William P. Miller, who rediscovered love of rowing, dies at age 91

Seattle Times Eastside bureau

All William "Press" Prescott Miller wanted to do was get back on the water. A former member of the Yale University crew team, he competed against the Huskies at the 1936 Olympic trials.

Last year, at 90, he persuaded younger members of the Classic Ancient Mariners, a rowing club, to let him practice with them.

The sight of a 90-year-old man rowing several 500-meter lengths in an eight-oar boat in Portage Bay was "stunning," said group member Roger Seeman, and it earned Mr. Miller a round of applause back on the dock.

"He never lost that image of himself as an athlete, even in his 90s," Seeman said.

Eight months later, Jan. 18, Mr. Miller died of leukemia at his home in Seattle. He was 91.

Mr. Miller began to row in college. Near the end of his life, he joined a subset of the Classic Ancient Mariners, the Really Ancient Mariners, which meets at George Pocock Memorial Rowing Center in Seattle.

It sparked something in him: "He wanted to feel that sense of excellence again," Seeman said.

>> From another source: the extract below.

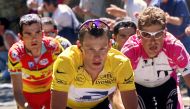 (FILES) This file photo taken on July 13, 2000 shows the yellow jersey US Lance Armstrong (C) riding with German jan Ullrich (R) and Frenchman Richard Virenque on the Mont Ventoux climb during the 12th stage of the 87th Tour de France, southern France.  A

Born in 1915 in Montclair, N.J., Mr. Miller attended the Cathedral Choir School of the Cathedral of St. John the Divine in New York City, The Loomis Institute (now the Loomis Chaffee School) in Windsor, Conn., and graduated from Yale University in 1939.

He first worked as a sales and industrial engineer for American Locomotive, and he met Elizabeth, his wife of 62 years, during a stay in Minneapolis, said his daughter Wendy Patry, of Rio Verde, Ariz. During World War II he served in China as a Navy officer, and worked for the War Production Board in Washington, D.C.

In 1966 the couple moved to Seattle, where Mr. Miller joined Boeing as a product-development manager for the SST (supersonic transport). He retired in 1981, but Patry said she hardly remembers a day when her father was not in a shirt and tie.

He held happy hour for his neighbors, and days before his death he was planning a poetry presentation for a group of senior church members at University Presbyterian Church, where he was a longtime member of the choir.

"He kept all that zest," Patry said, "relishing rowing, relishing living."

Besides daughter Wendy, Mr. Miller is survived by his son, Prescott L. Miller, of Mountain View, Calif.; daughters, Phoebe Sarno of Dana Point, Calif., and Stephanie Corgatelli of Seattle; two grandsons, one great-grandson, three nephews and four nieces.

A memorial service will be at 2 p.m. Monday, Jan. 29, at University Presbyterian Church. Donations in memory of Mr. Miller may be made to University Presbyterian Church or Union Gospel Mission.